What you have to do>
The answer must consist solely of the lines from the one containing "I just put on" through the last line of the records below, repeated exactly, with all pictures omitted.

Records for this exercise>
»»

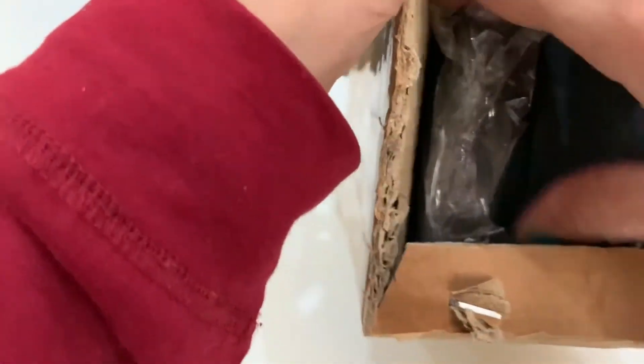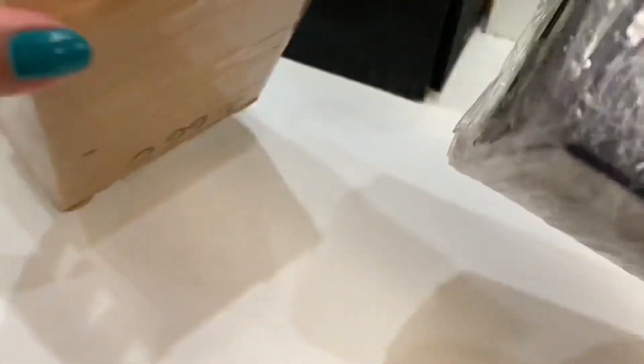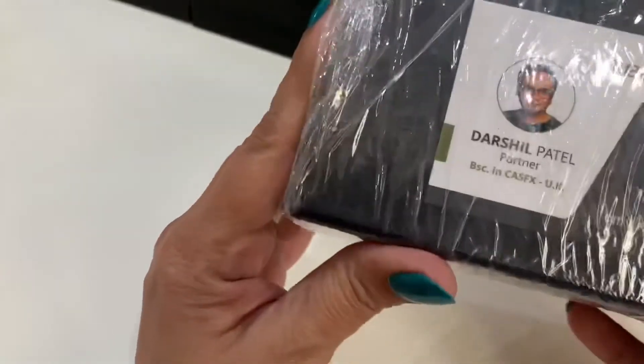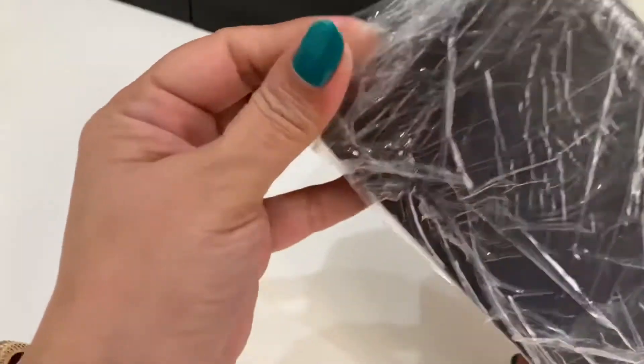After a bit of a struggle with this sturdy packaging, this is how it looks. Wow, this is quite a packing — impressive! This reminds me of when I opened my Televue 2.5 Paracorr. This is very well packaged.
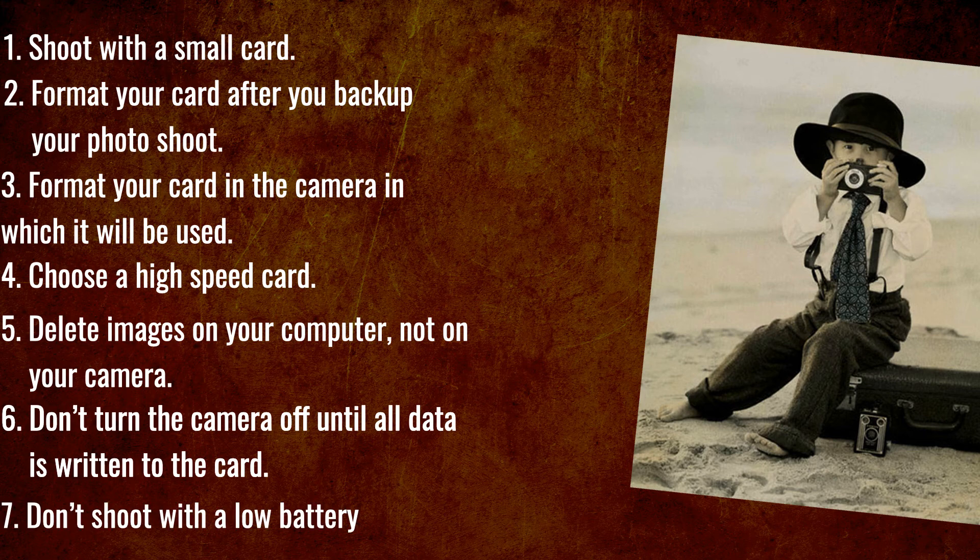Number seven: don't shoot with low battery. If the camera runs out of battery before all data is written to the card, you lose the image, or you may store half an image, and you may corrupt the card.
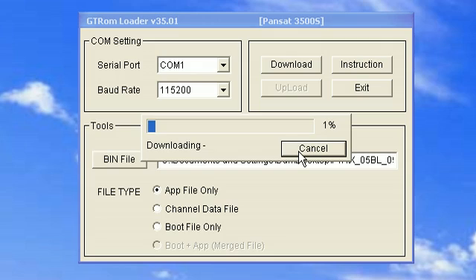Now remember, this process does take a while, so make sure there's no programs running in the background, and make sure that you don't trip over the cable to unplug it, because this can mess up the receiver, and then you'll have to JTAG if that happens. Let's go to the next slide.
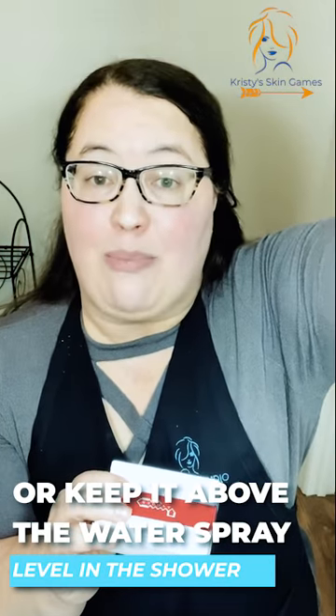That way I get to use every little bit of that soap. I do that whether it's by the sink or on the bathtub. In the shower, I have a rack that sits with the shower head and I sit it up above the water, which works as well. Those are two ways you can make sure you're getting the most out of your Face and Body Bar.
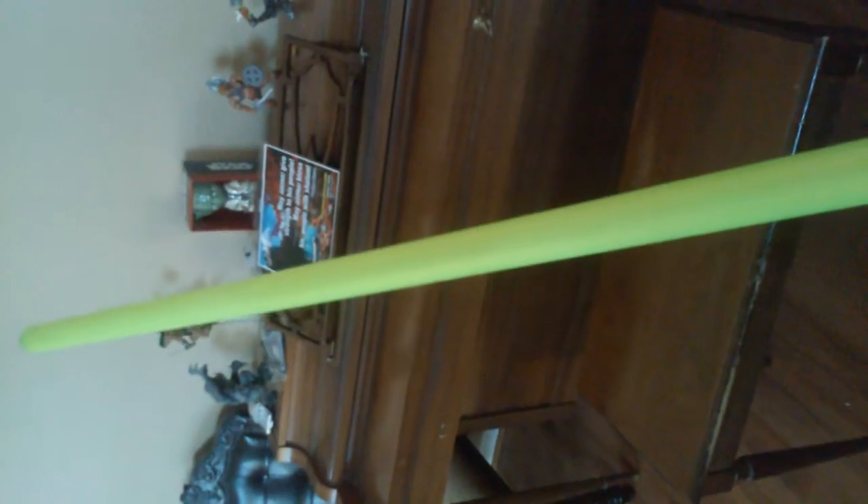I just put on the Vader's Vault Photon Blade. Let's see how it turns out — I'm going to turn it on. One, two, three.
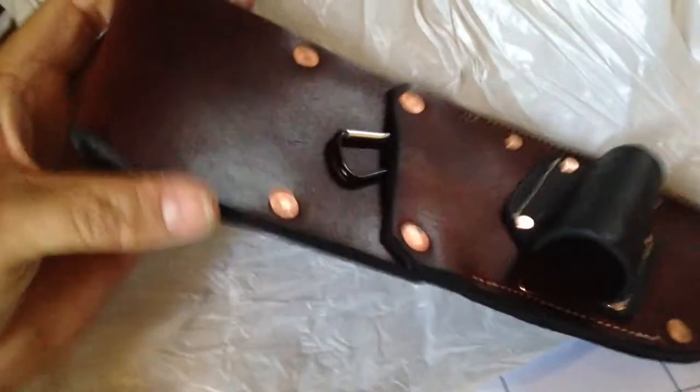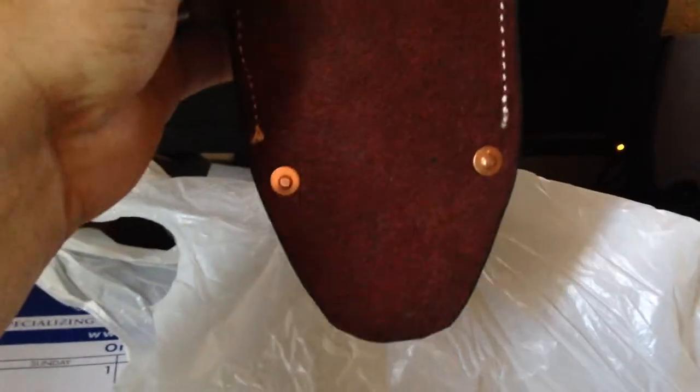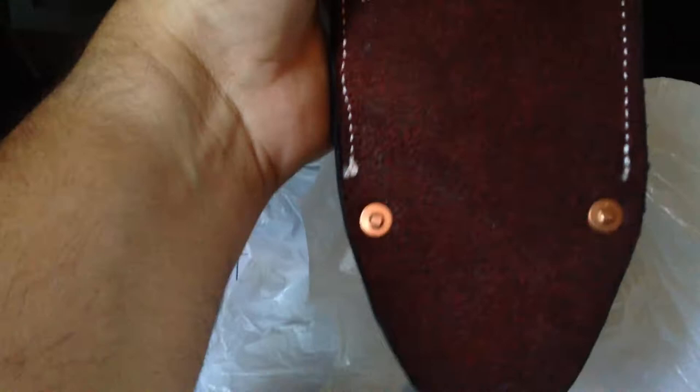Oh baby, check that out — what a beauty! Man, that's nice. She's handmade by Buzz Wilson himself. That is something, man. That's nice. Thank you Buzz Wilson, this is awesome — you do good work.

««

Problem solution>
I just put on the Vader's Vault Photon Blade. Let's see how it turns out — I'm going to turn it on. One, two, three.
Oh baby, check that out — what a beauty! Man, that's nice. She's handmade by Buzz Wilson himself. That is something, man. That's nice. Thank you Buzz Wilson, this is awesome — you do good work.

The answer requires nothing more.